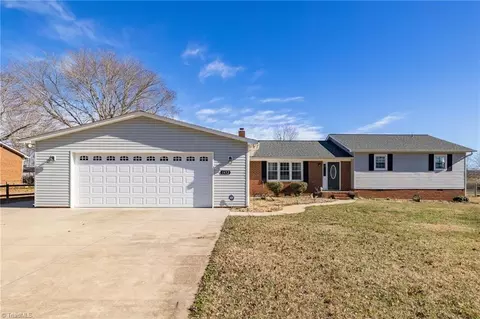 1452 New Bowers Rd, Lexington, NC 27292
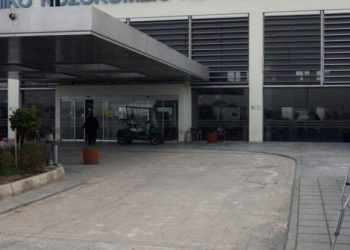 «Επέστρεψα από Αγγλία, αλλά δεν είχα κανένα σύμπτωμα και χειρουργούσα κανονικά» – Ο Κύπριος γιατρός που βρέθηκε θετικός – «Με αποθάρρυναν να εξεταστώ»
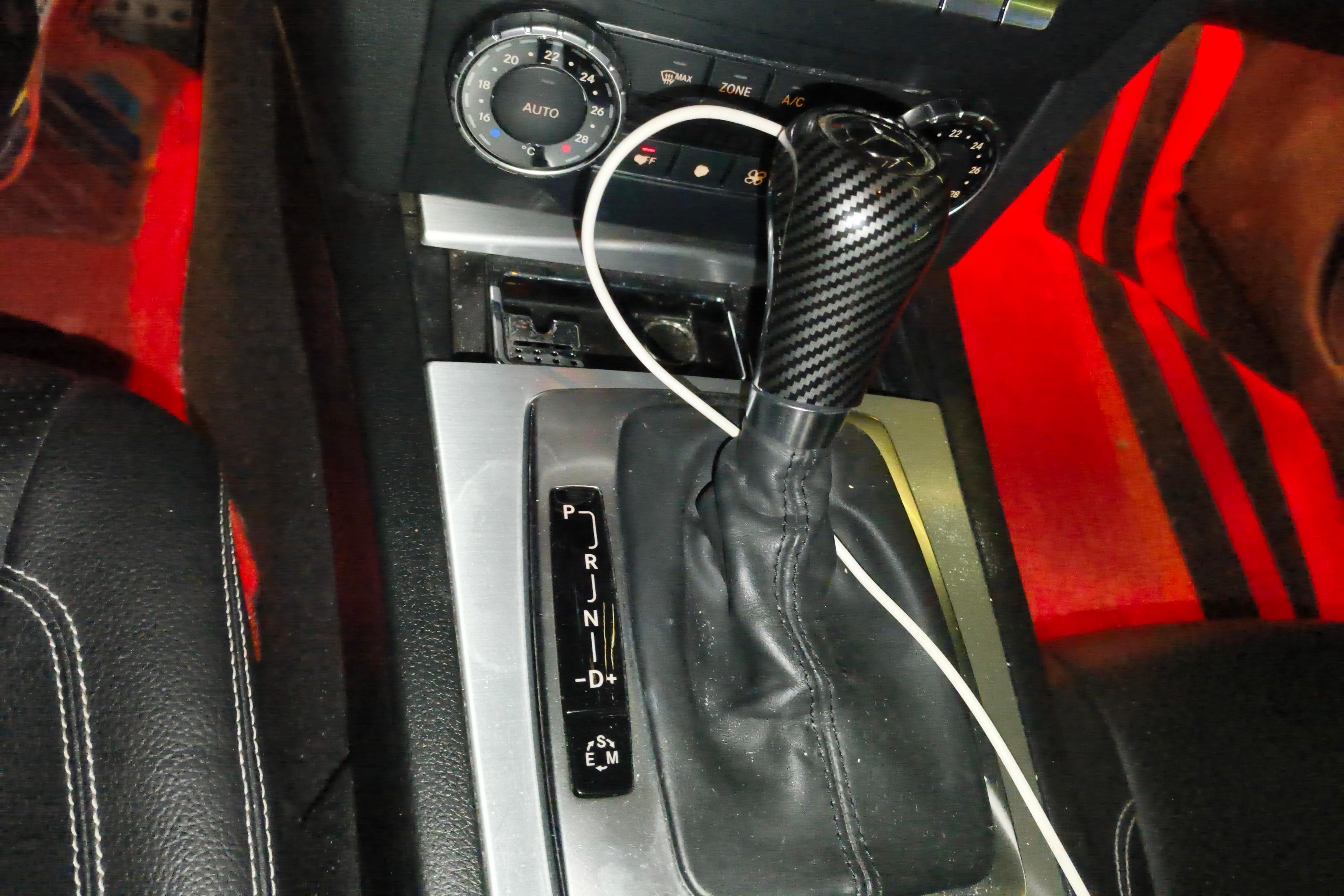 Mercedes-Benz C Class (Imported) 2013 #17 Mercedes-Benz C Class (Imported) 2013 car image #17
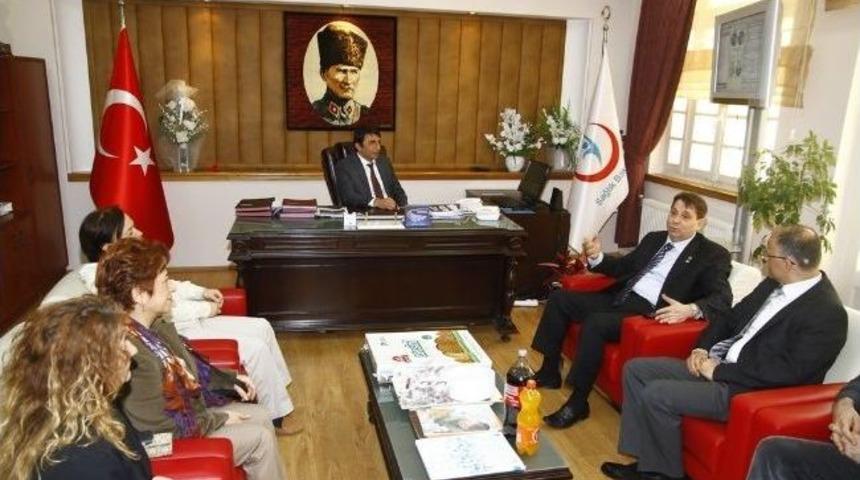 Başkan Tartan, Sağlık &Ccedil;alışanlarına Mevsim &Ccedil;i&ccedil;ekleri Armağan Etti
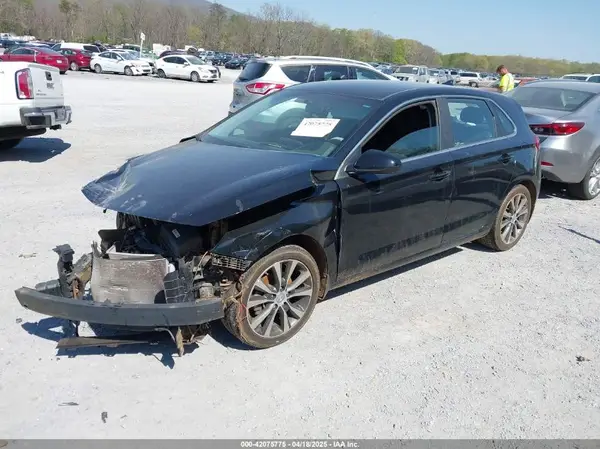 KMHH35LE4KU102259 2019 HYUNDAI ELANTRA - Image 2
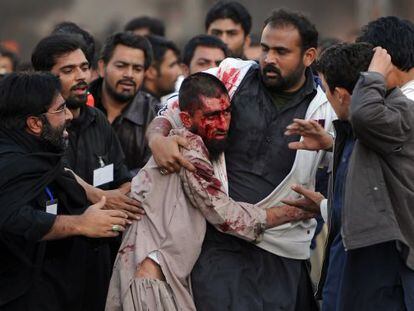 Un herido durante la celebraci&oacute;n de la Ashura en Rawalpindi (Pakist&aacute;n).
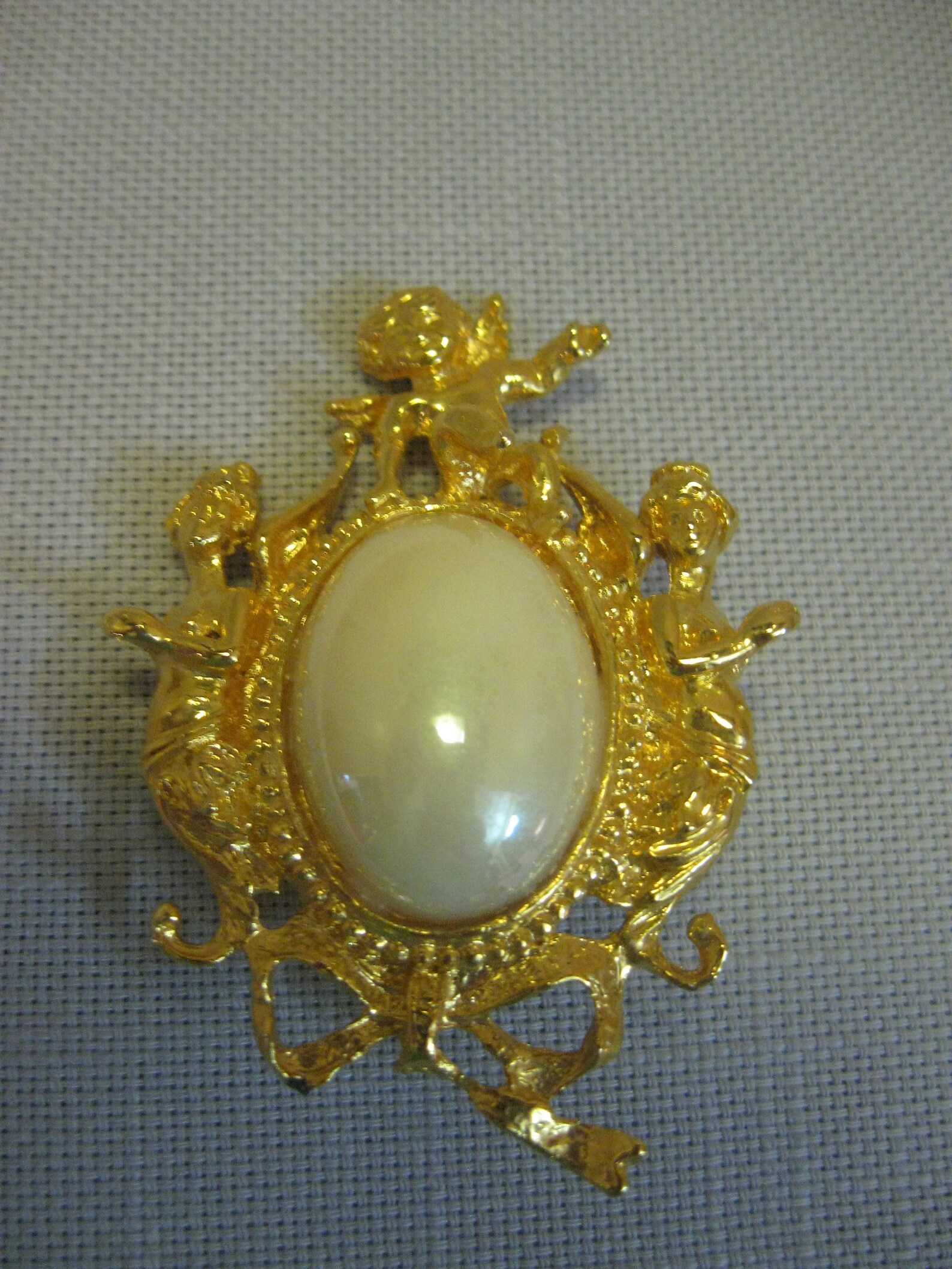 Brooch Pin Shiny Gold Tone Angel and Side Ladies Figurines Etsy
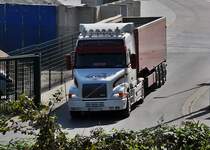 die Mulde ist leer, auf zur nchsten Fuhre Getreide,
ein Volvo-Hauber NH 12 verlt gerade den Stralsunder Sdhafen am 24.08.09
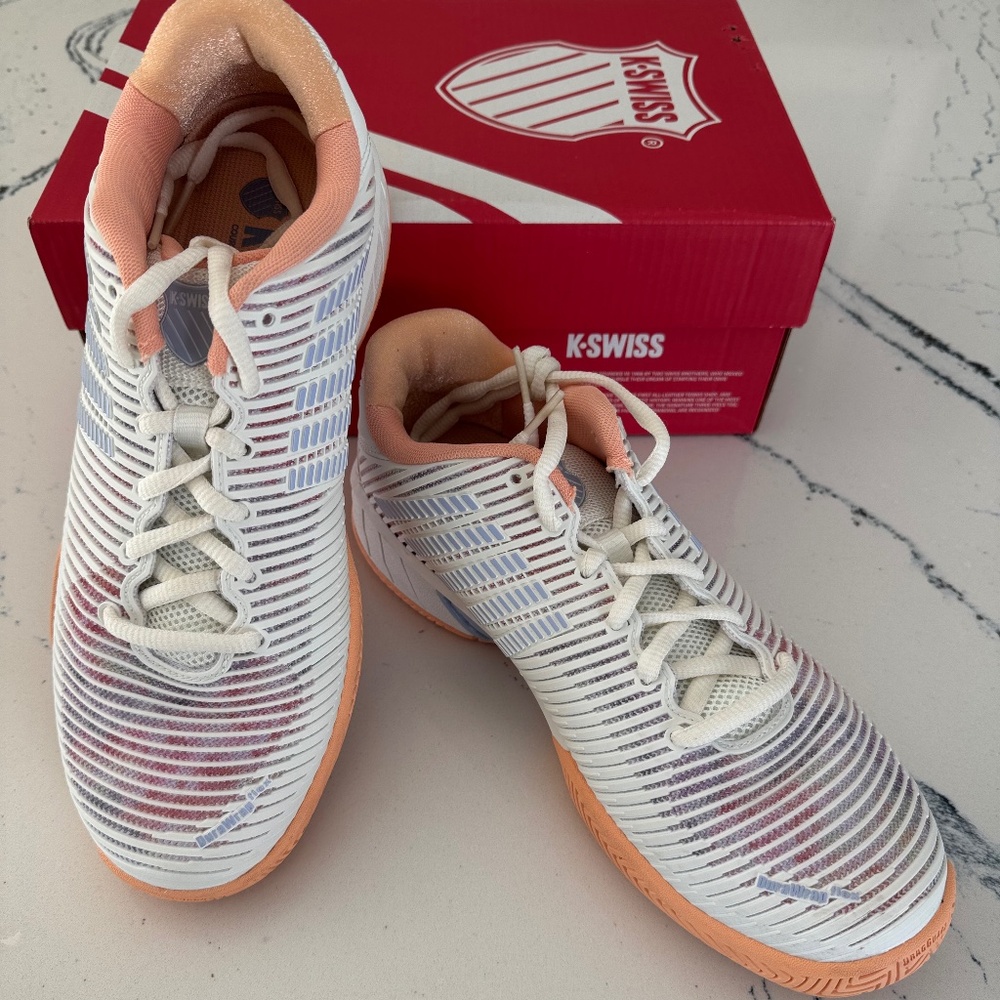 K-Swiss Hypercourt Express 2 Tennis Court Shoes Womens 9 White Peach Non-Marking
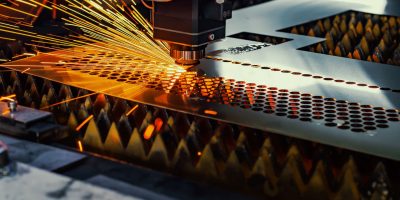 maquina-para-corte-a-laser-de-metal-a-cabeca-do-laser-corta-a-folha-com-uma-dispersao-de-faiscas-de-feixe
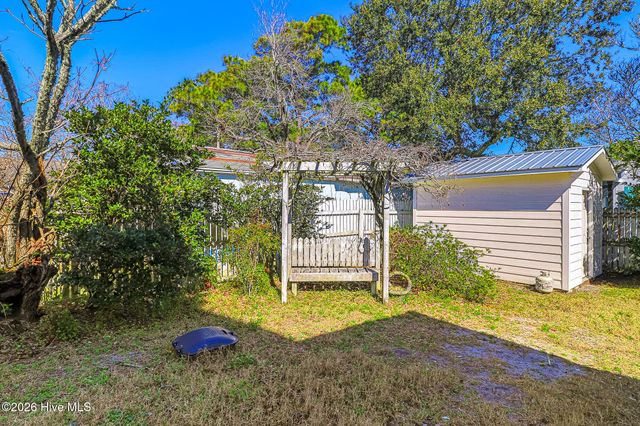 819 Broad Street, Beaufort, NC 28516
--------------------
DIRECTIONS FOR THIS TASK:
Everything from the line that contains "από Αγγλία, αλλά" through the final line of the material should be returned exactly, except the pictures.

SOLUTION FOR THIS PROBLEM:
 «Επέστρεψα από Αγγλία, αλλά δεν είχα κανένα σύμπτωμα και χειρουργούσα κανονικά» – Ο Κύπριος γιατρός που βρέθηκε θετικός – «Με αποθάρρυναν να εξεταστώ»
 Mercedes-Benz C Class (Imported) 2013 #17 Mercedes-Benz C Class (Imported) 2013 car image #17
 Başkan Tartan, Sağlık &Ccedil;alışanlarına Mevsim &Ccedil;i&ccedil;ekleri Armağan Etti
 KMHH35LE4KU102259 2019 HYUNDAI ELANTRA - Image 2
 Un herido durante la celebraci&oacute;n de la Ashura en Rawalpindi (Pakist&aacute;n).
 Brooch Pin Shiny Gold Tone Angel and Side Ladies Figurines Etsy
 die Mulde ist leer, auf zur nchsten Fuhre Getreide,
ein Volvo-Hauber NH 12 verlt gerade den Stralsunder Sdhafen am 24.08.09
 K-Swiss Hypercourt Express 2 Tennis Court Shoes Womens 9 White Peach Non-Marking
 maquina-para-corte-a-laser-de-metal-a-cabeca-do-laser-corta-a-folha-com-uma-dispersao-de-faiscas-de-feixe
 819 Broad Street, Beaufort, NC 28516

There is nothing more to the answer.